With his time in the Tennessee State Legislature, serving as Commissioner of Transportation and his position in NCAA officiating, Dale looked at the idea of bigger things. In 1987, he considered launching a run for the United States Senate against Jim Sasser.
“While I considered running for the Senate, I had no selfish goals. Public service was my intent. My failure, however, to create a message for the people of Tennessee that differed from the one already offered by incumbent Jim Sasser did not set me apart from the crowd. The Democratic Party in this time period remained strong throughout the state and voters continued to support Sasser as their senator. Campaigning against him would prove an uphill battle. Although a team of analysts developed a ‘Run and Gun’ campaign strategy that found me talking with people in one small town after another, listening directly to my constituency, and interacting with the electorates as much as possible, I had no distinctive message or platform to distinguish myself from my opponent.
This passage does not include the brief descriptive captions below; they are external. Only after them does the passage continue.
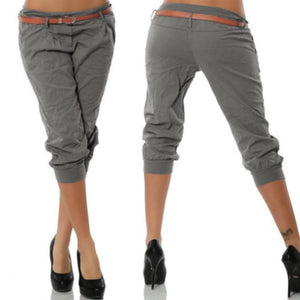 Women's Fashion Short Pant  Capri Pants Casual Chino Pants Solid Trouser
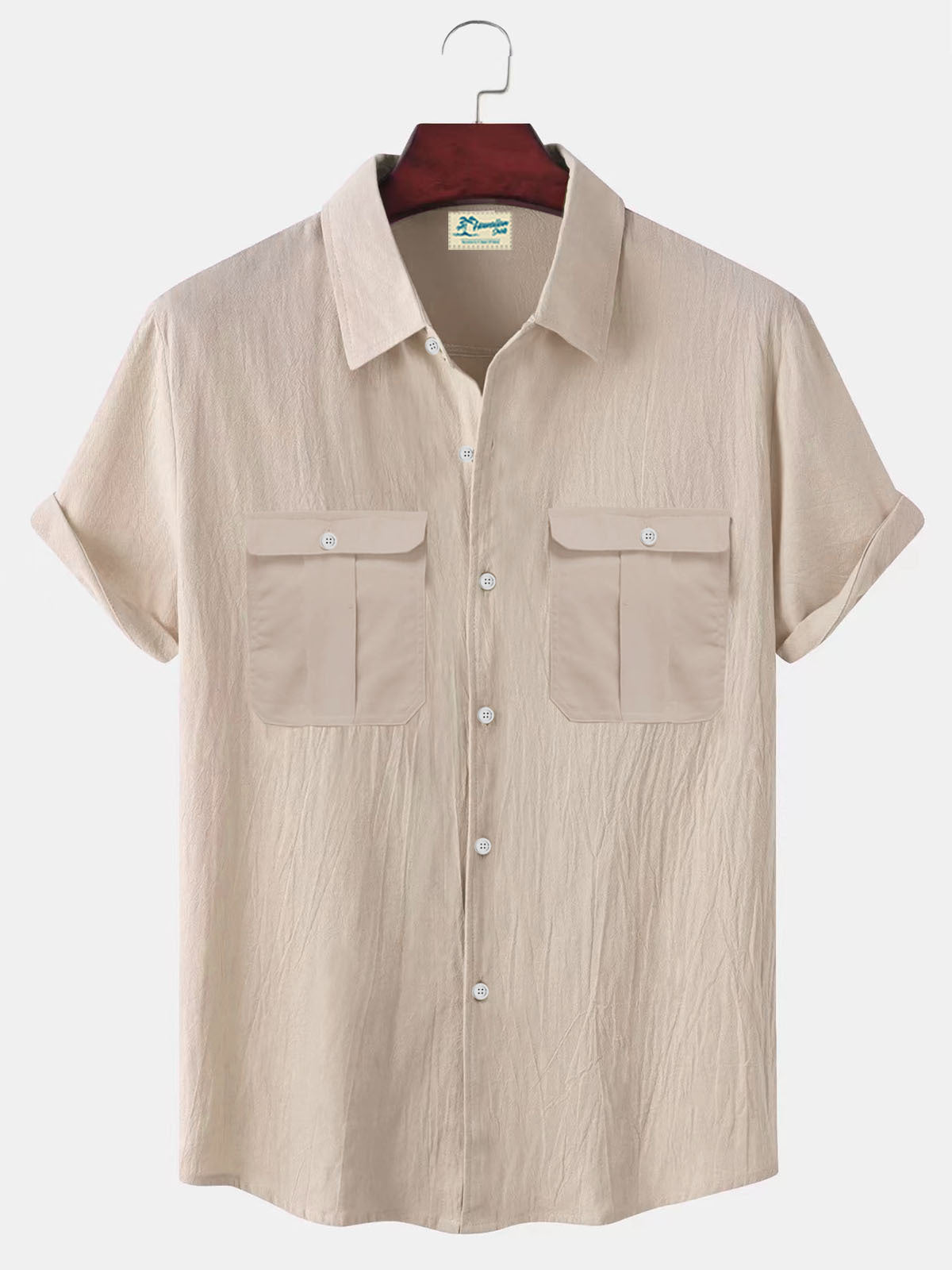 👔【M-5XL】Nová letní pánská jednobarevná lněná košile  4260147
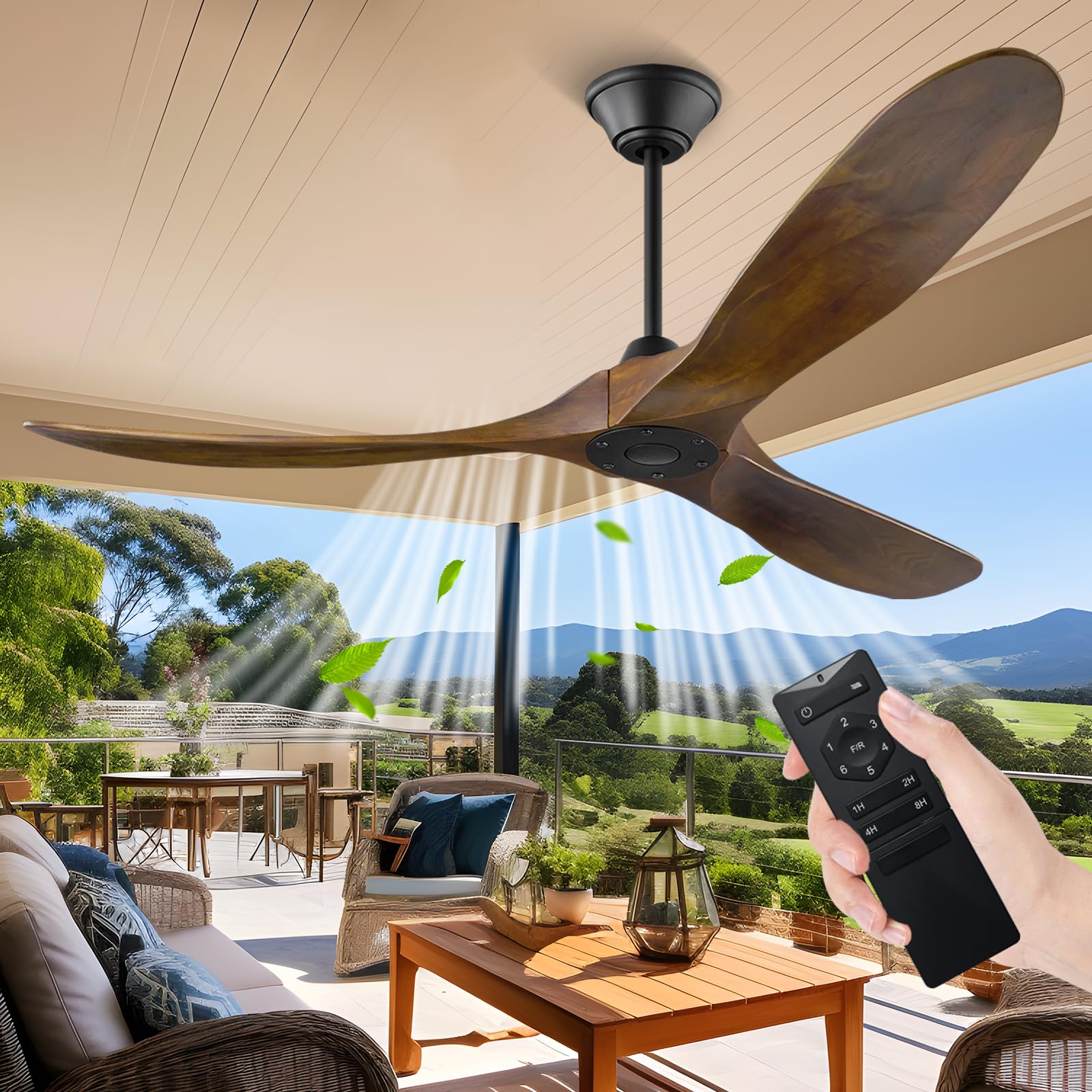 70 Inch Rustic Outdoor Ceiling Fan - Solid Wood Farmhouse Style, Remote Control, No Light, for Patio/Indoor Use - Perfect for High/Low Sloped Ceilings (Brown, DC Motor) - Ideal for Backyard, Porch, Living Room & Bedroom Cooling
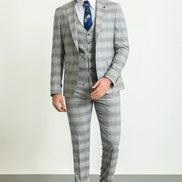 Mitchell Gray Blue Slim Fit Notch Lapel 3 Piece Crosshatch Plaid Suit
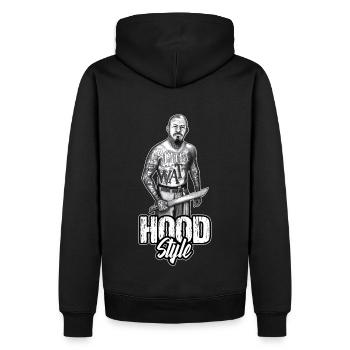 Latino Gangster Street Hood Style - Sweat à capuche Premium bio Homme - noir - Dos - Nico (187cm)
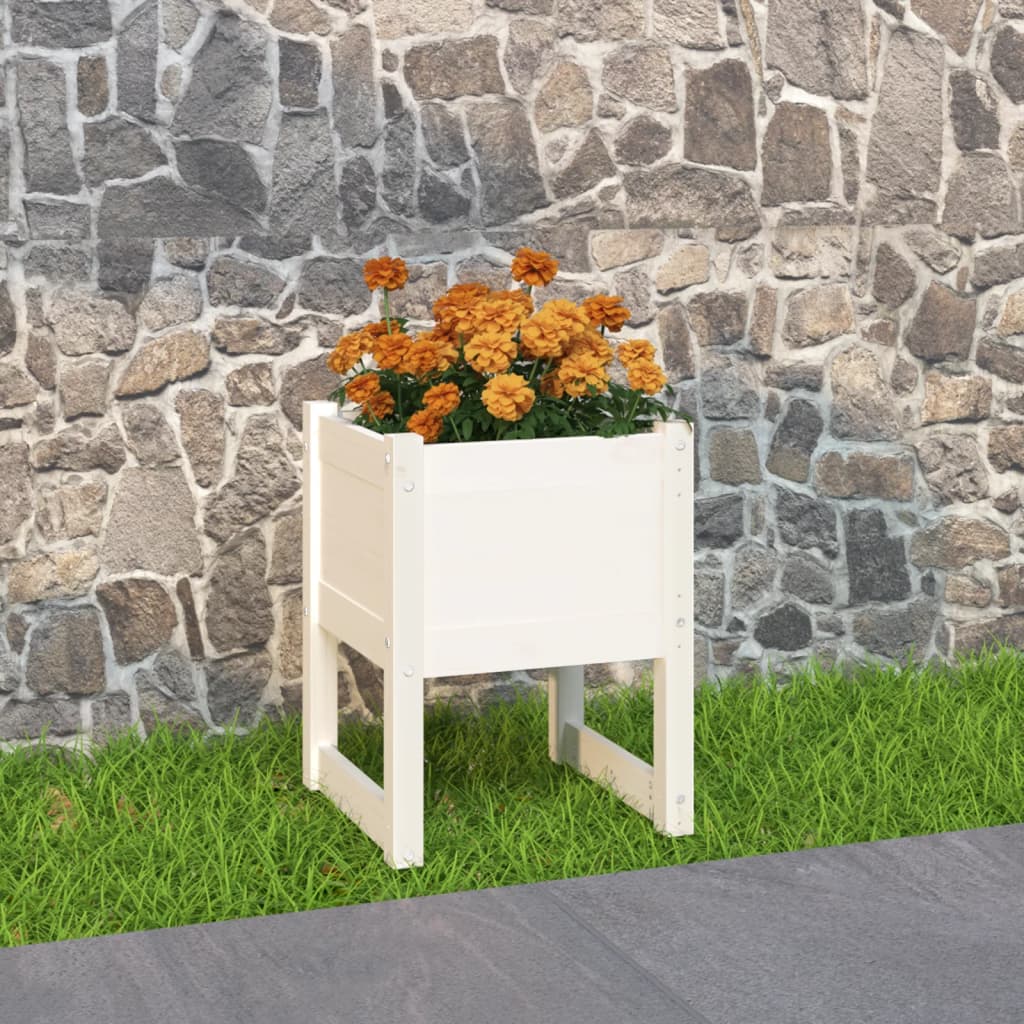 Planter White 40x40x52.5 cm Solid Wood Pine - Sid & Sam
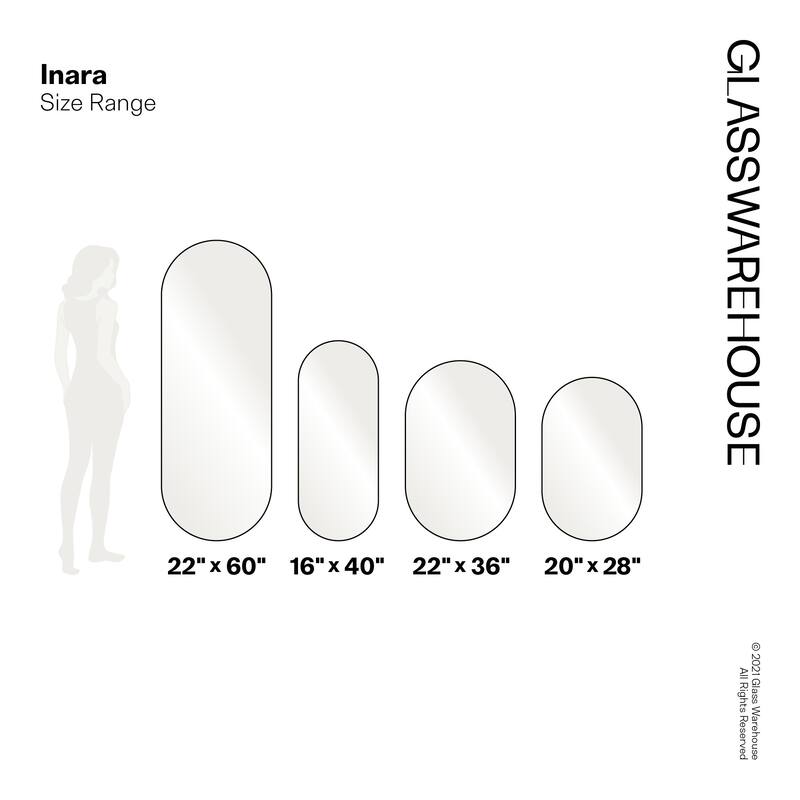 Glass Warehouse SF-PL-20X28 Inara 20" W x 28" H Contemporary Oval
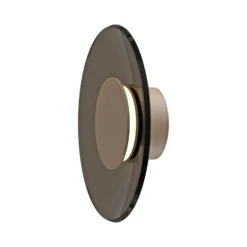 Aplique de pared LED PURE Moon, bronce, Ø 32 cm, cristal/aluminio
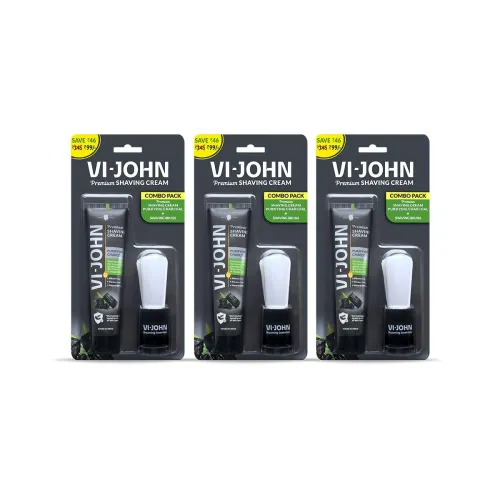 Image of VI-JOHN Charcoal Shaving Cream with Brush 70g (PO3)
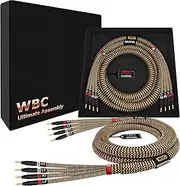 WORLDS BEST CABLES 12 Foot Ultimate - 12 AWG - Ultra-Pure OFC - Premium Audiophile HiFi Bi-Amp Speaker Cable Pair with Eminence Gold Banana Plugs & TnBrwn Tweed Jacket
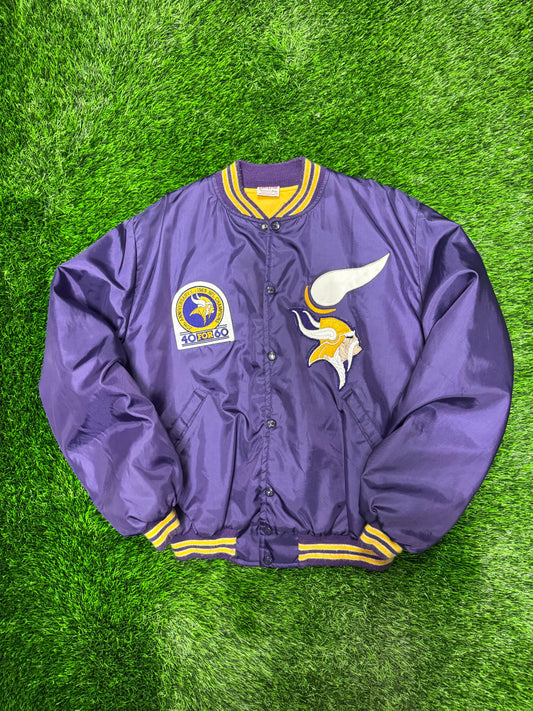 1989 Minnesota Vikings 20th Anniversary Vintage Birdie Satin Jacket (L)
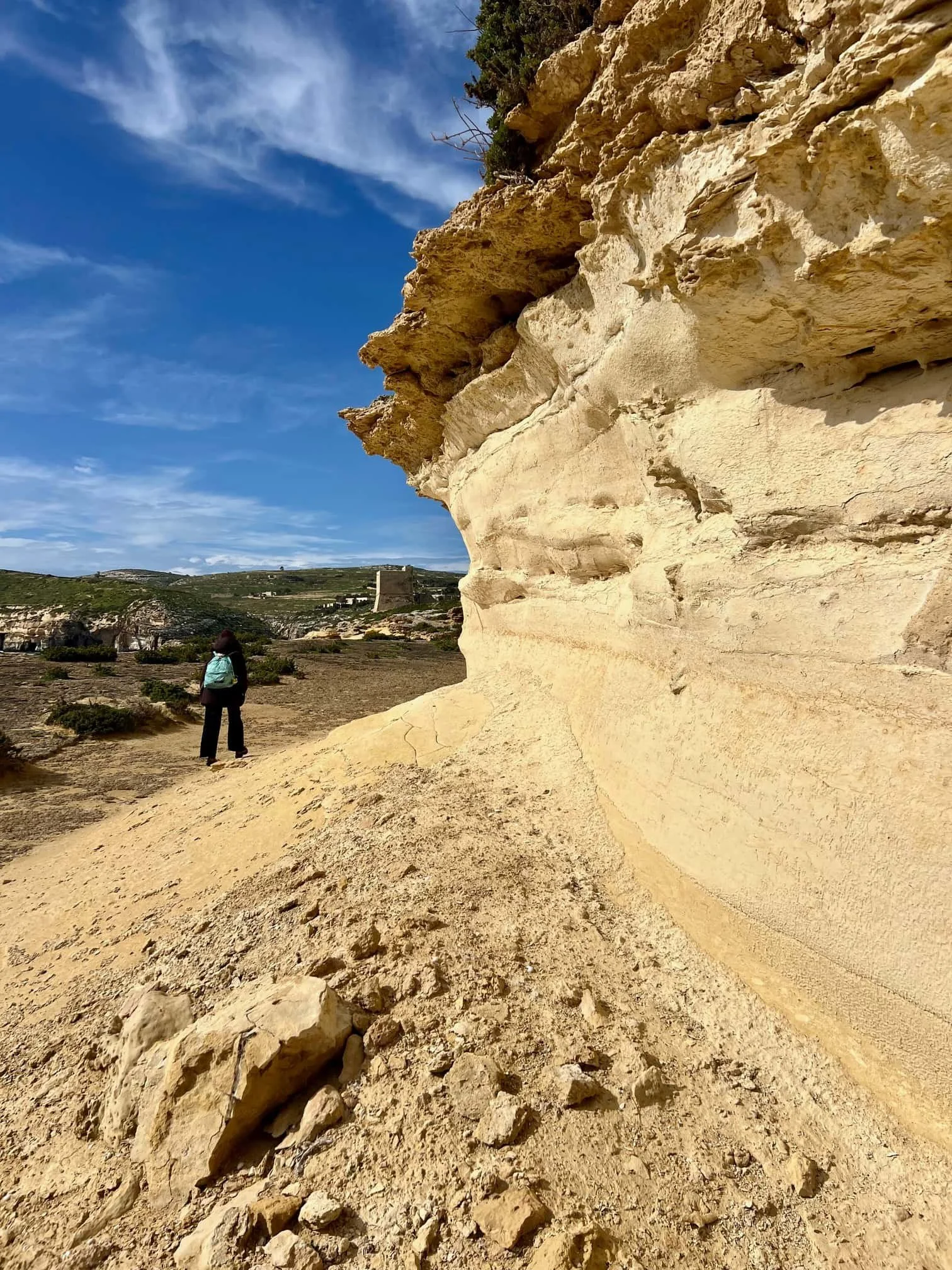 Hiking path along the limestone cliffs near Ras il-Hobz, Gozo.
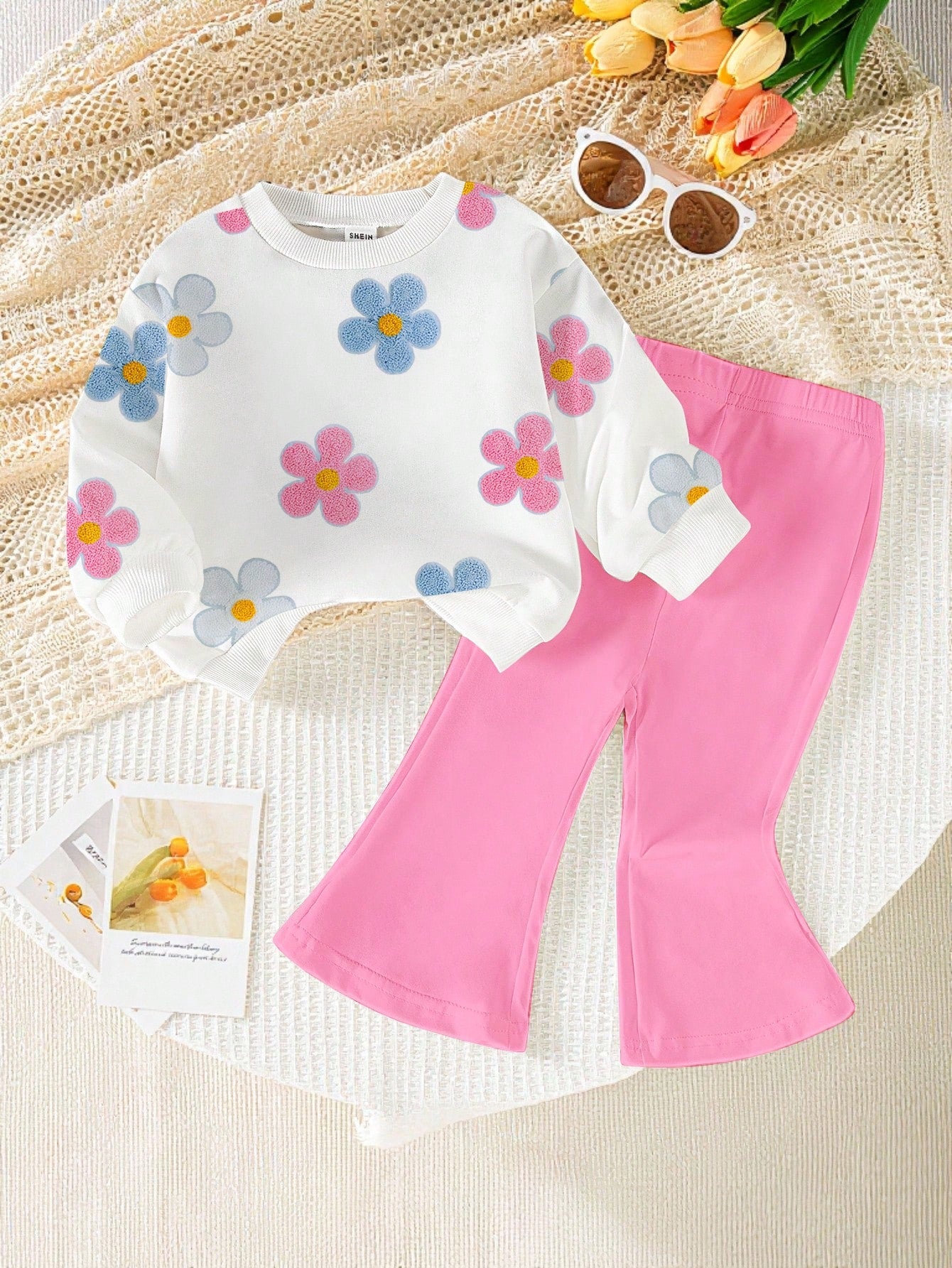 1 Set Baby Girls Cute Blue And White Striped Bow Pattern Crew Neck Sweatshirt And Flare Pants Outfit,Autumn Back-To-School Fashionable Fall Clothing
“My timing was wrong for election to the Senate, so I dropped out of the race in January of 1988.”
When Dale left Nashville following the end of Alexander’s second term in office, he returned to Huntingdon. Unhappy with the fiscal and aesthetic shape of Huntingdon, he began to miss his service in politics. This led to five years on the Carroll County Commission before campaigning for Huntingdon Mayor in 1992. 
Some feared Huntingdon was not ready for someone like Dale Kelley at its helm. “I would be aggressive as I initiated changes necessary to run Huntingdon from economic decline to a viable and stable community,” once stated about taking office as mayor.
Kelley served as mayor of Huntingdon from 1992 until he died in 2022. This thirty-year led to numerous changes and improvements for Huntingdon. This included the construction of the
Dixie Carter Performing Arts Center (named for Dale’s high school classmate), various downtown facade improvements, and the development of the Carroll County Watershed Authority that parlayed into the construction of Tennessee’s second-largest man-made lake.
After various bouts of health issues, Dale Kelley died at his home on August 20, 2022. He is buried at Oak Hill Cemetery, in Huntingdon.
Other honors and distinctions held by Dale include: serving as a member of the Tennessee Higher Education Commission under Governor Don Sundquist; and Senior Advisor and Special Assistant to Governor Bill Haslam; past president of the West TN Mayor’s Association; served on the TN Municipal League Board of Directors, TN Municipal League Risk Management Pool Board, and TN Municipal Bond Fund Board; recognized as the 2008 Tommie Goodwin Mayor of the Year Award for the State of Tennessee presented by the Tennessee Municipal League; member of the Bethel Athletics Hall of Fame, the TSSAA Hall of Fame, the Carroll County Sports Hall of Fame, and the Tennessee Sports Hall of Fame; 1985 Bethel College Outstanding Alumni Achievement Award winner; first recipient of the Carroll County Chamber of Commerce’s Carroll Countian of the Year honor; former Deacon at Huntingdon First Baptist Church; and Athletic Director at Bethel University.